[Short web captions]
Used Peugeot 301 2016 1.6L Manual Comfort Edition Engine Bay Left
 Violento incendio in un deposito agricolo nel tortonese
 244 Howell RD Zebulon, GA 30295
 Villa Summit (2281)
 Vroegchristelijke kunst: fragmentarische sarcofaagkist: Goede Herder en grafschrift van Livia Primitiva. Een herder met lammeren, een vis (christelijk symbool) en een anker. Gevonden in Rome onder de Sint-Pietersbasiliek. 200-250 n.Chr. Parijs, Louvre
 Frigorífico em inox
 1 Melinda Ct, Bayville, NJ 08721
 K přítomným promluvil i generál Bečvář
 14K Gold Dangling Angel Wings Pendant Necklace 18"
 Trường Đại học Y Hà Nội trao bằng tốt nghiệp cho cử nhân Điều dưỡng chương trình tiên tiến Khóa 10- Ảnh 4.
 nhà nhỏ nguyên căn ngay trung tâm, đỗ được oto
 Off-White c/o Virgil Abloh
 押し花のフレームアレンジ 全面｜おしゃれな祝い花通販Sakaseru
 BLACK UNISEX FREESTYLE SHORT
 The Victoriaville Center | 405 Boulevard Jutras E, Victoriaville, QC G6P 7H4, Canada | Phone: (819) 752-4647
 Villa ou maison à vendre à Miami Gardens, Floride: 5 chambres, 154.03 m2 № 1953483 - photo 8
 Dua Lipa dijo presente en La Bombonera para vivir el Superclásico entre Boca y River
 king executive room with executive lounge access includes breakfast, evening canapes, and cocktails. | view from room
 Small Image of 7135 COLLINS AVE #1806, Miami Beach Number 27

# Work instructions
An exact copy of the lines above between the line holding "K přítomným promluvil i generál Bečvář" and the line holding "Villa ou maison", inclusive, is the whole answer.

# Result of this exercise
 K přítomným promluvil i generál Bečvář
 14K Gold Dangling Angel Wings Pendant Necklace 18"
 Trường Đại học Y Hà Nội trao bằng tốt nghiệp cho cử nhân Điều dưỡng chương trình tiên tiến Khóa 10- Ảnh 4.
 nhà nhỏ nguyên căn ngay trung tâm, đỗ được oto
 Off-White c/o Virgil Abloh
 押し花のフレームアレンジ 全面｜おしゃれな祝い花通販Sakaseru
 BLACK UNISEX FREESTYLE SHORT
 The Victoriaville Center | 405 Boulevard Jutras E, Victoriaville, QC G6P 7H4, Canada | Phone: (819) 752-4647
 Villa ou maison à vendre à Miami Gardens, Floride: 5 chambres, 154.03 m2 № 1953483 - photo 8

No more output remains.